== Exercise description ==
Copy nothing but the lines running from the one containing "Solucionario Estatica, Beer, 10ma" through the end of the listing below. Drop the pictures.

== Record extracts ==
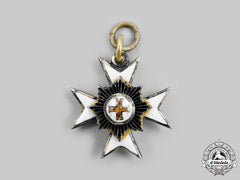 Waldeck, Principality. A Merit Order Cross, Miniature Ii Class C.1895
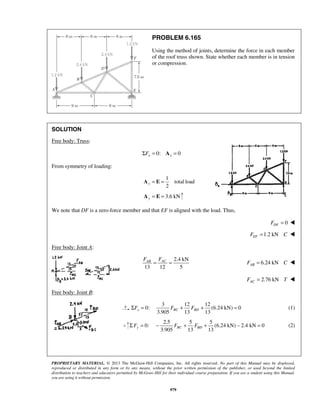 Solucionario Estatica, Beer, 10ma edición, 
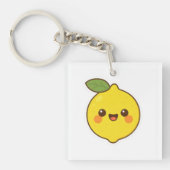 Porte-clés Cute Kawaii Lemon (Devant)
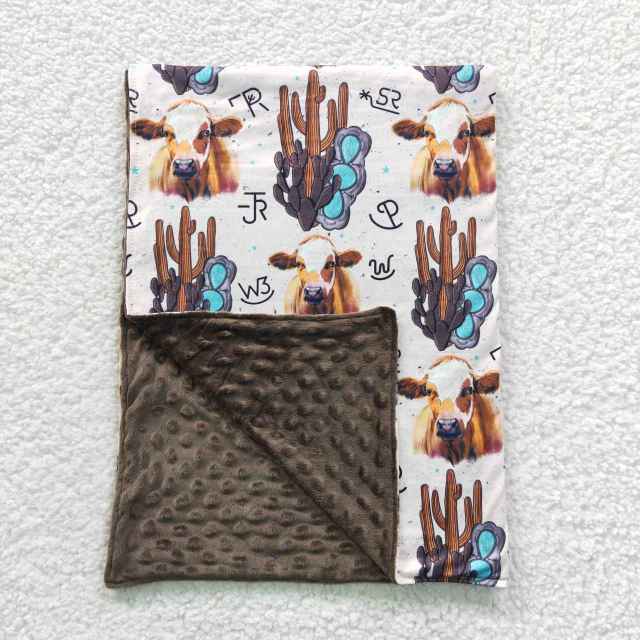 Bamboo blanket western
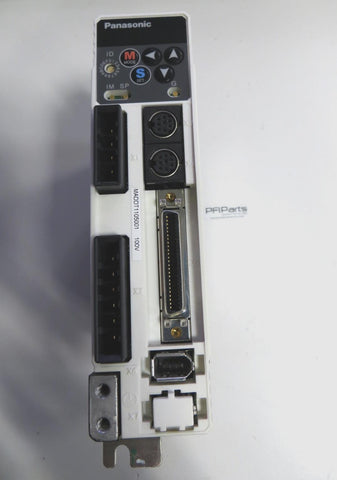 PANASONIC MCDDT3520001 servo driver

== Task answer ==
 Solucionario Estatica, Beer, 10ma edición, 
 Porte-clés Cute Kawaii Lemon (Devant)
 Bamboo blanket western
 PANASONIC MCDDT3520001 servo driver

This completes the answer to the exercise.